*WHAT YOU WILL DO*.
Please set down every entry again exactly as it stands, without the pictures.
· · · · ·
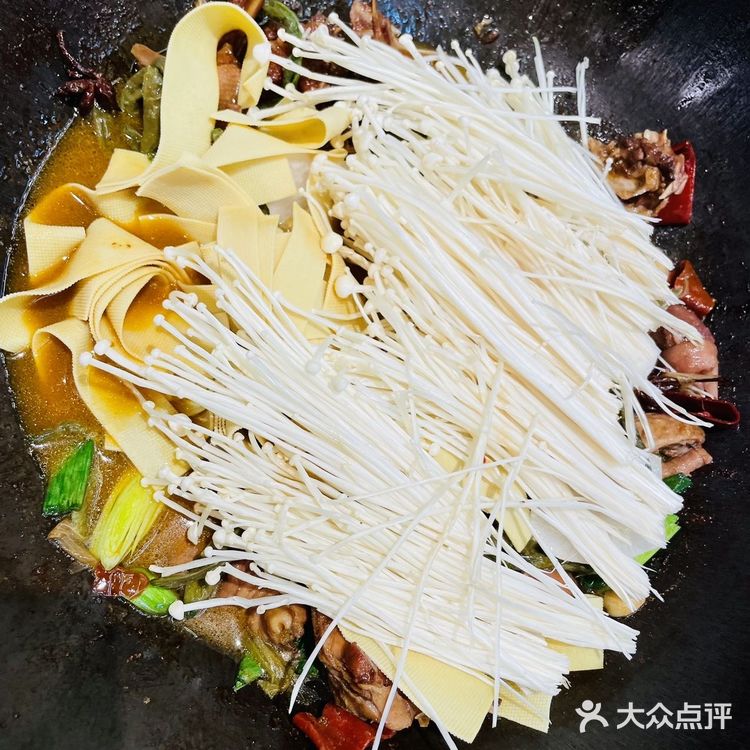 烀呦铁锅炖大鹅，[调皮]千禧年后最钟意的铁锅炖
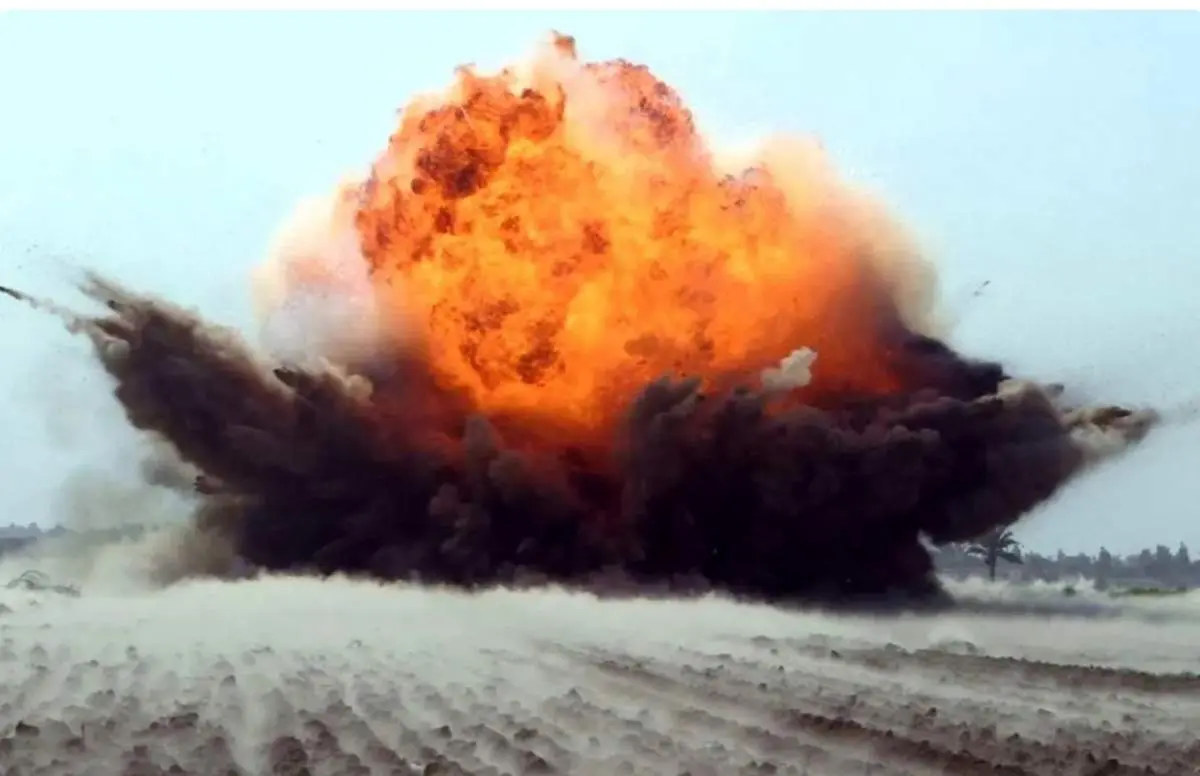 هنگام شنیدن صدای انفجار این کارها؛ ممنوع!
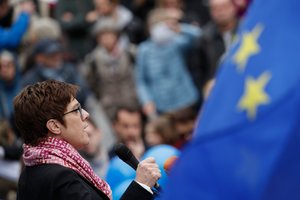 A. Merkel pasirinkta politinė įpėdinė sako iki 2021-ųjų aukščiausio posto nesieksianti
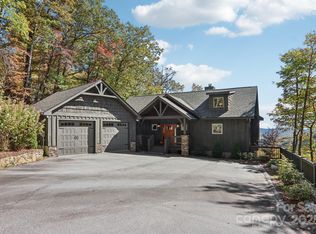 658 Continental Dr, Sapphire, NC 28774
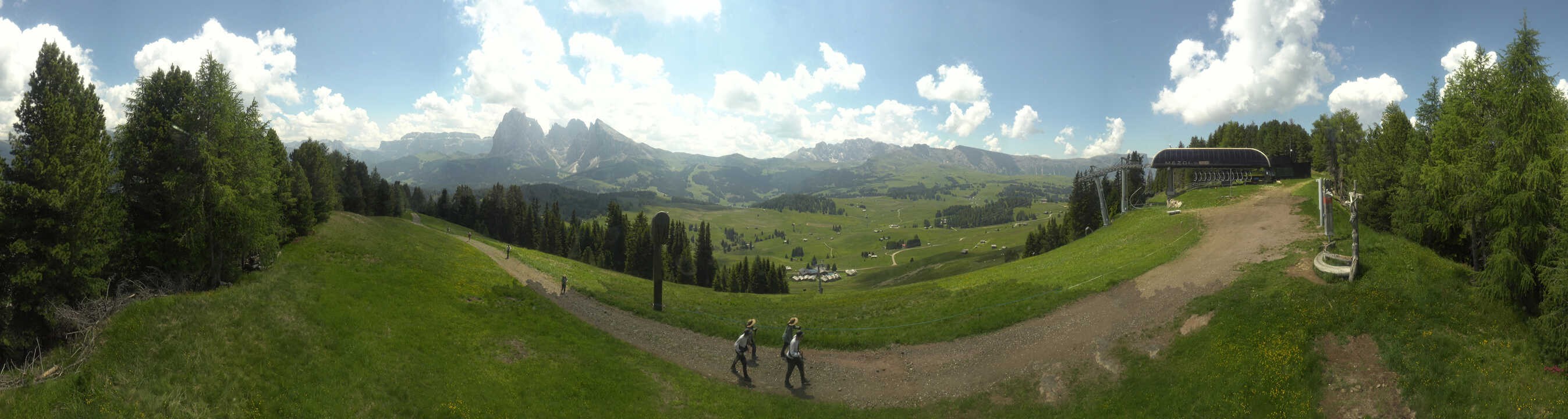 Archived image Webcam Alpe di Siusi: Panoramic view Mezdi mountain station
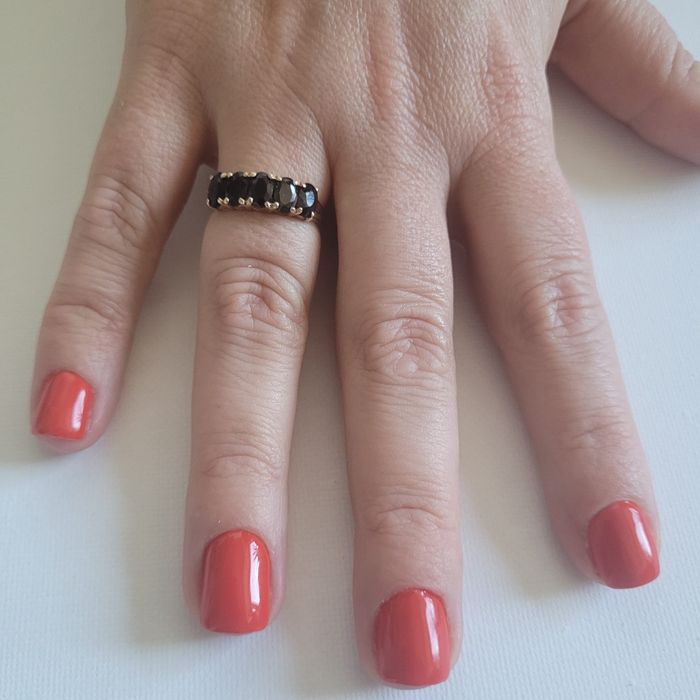 Złoty pierścionek z szafirami 585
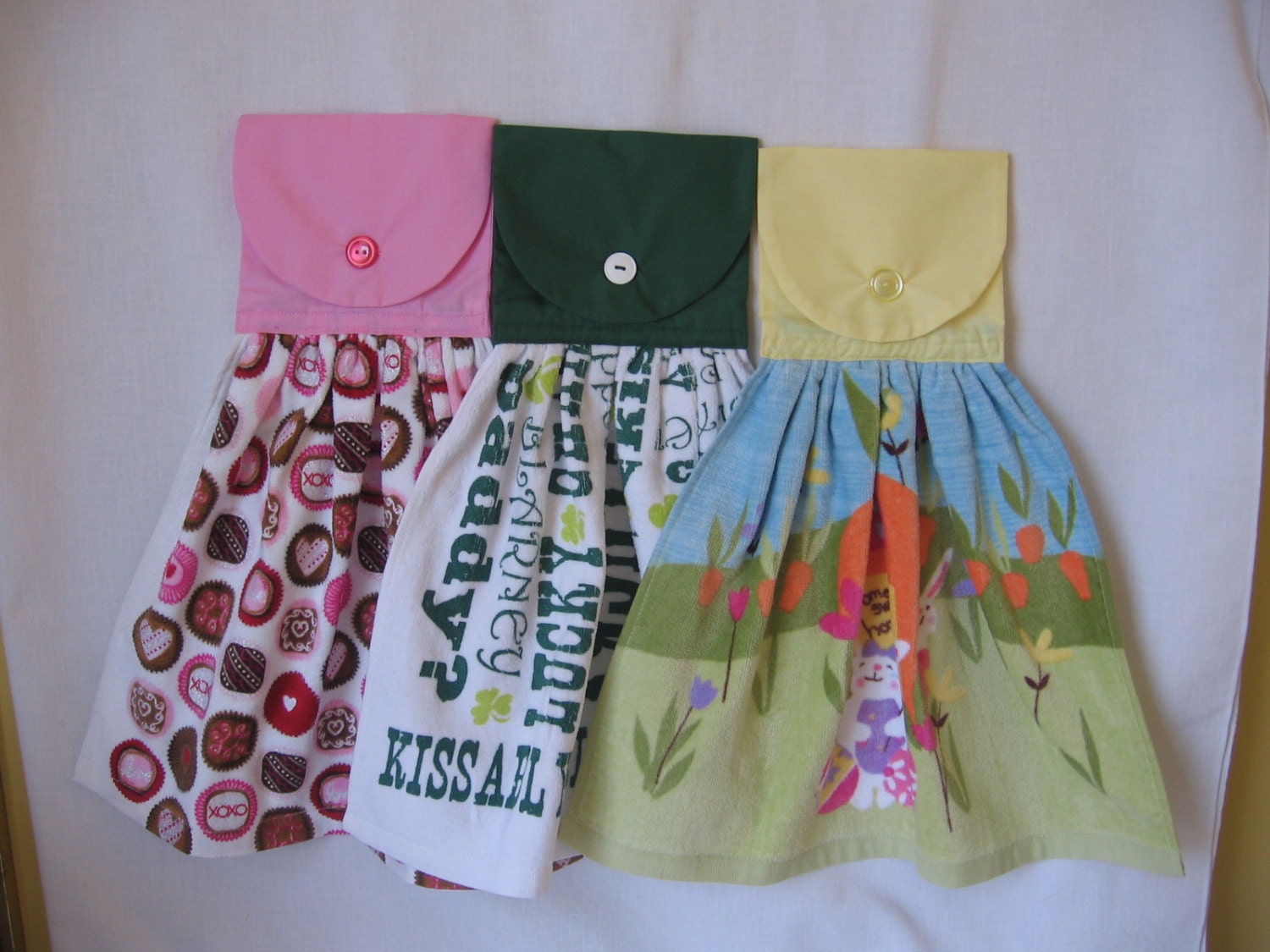 Spring Holiday Kitchen Towel 3 Pack Valentine St. Pats and Easter Kitchen Towel Set of 3 Kitchen Tea Towels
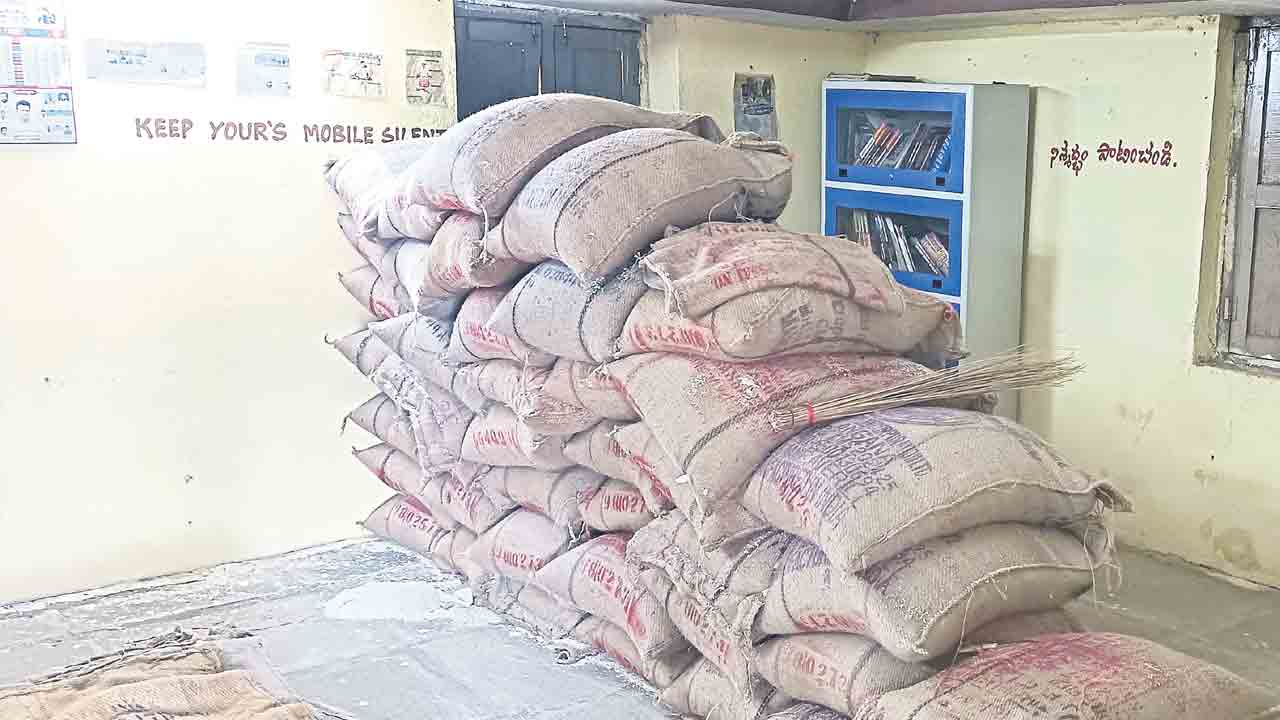 రేషన్‌షాపుగా మారిన పుస్తకాలయం!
· · · · ·
*FINISHED EXERCISE*.
 烀呦铁锅炖大鹅，[调皮]千禧年后最钟意的铁锅炖
 هنگام شنیدن صدای انفجار این کارها؛ ممنوع!
 A. Merkel pasirinkta politinė įpėdinė sako iki 2021-ųjų aukščiausio posto nesieksianti
 658 Continental Dr, Sapphire, NC 28774
 Archived image Webcam Alpe di Siusi: Panoramic view Mezdi mountain station
 Złoty pierścionek z szafirami 585
 Spring Holiday Kitchen Towel 3 Pack Valentine St. Pats and Easter Kitchen Towel Set of 3 Kitchen Tea Towels
 రేషన్‌షాపుగా మారిన పుస్తకాలయం!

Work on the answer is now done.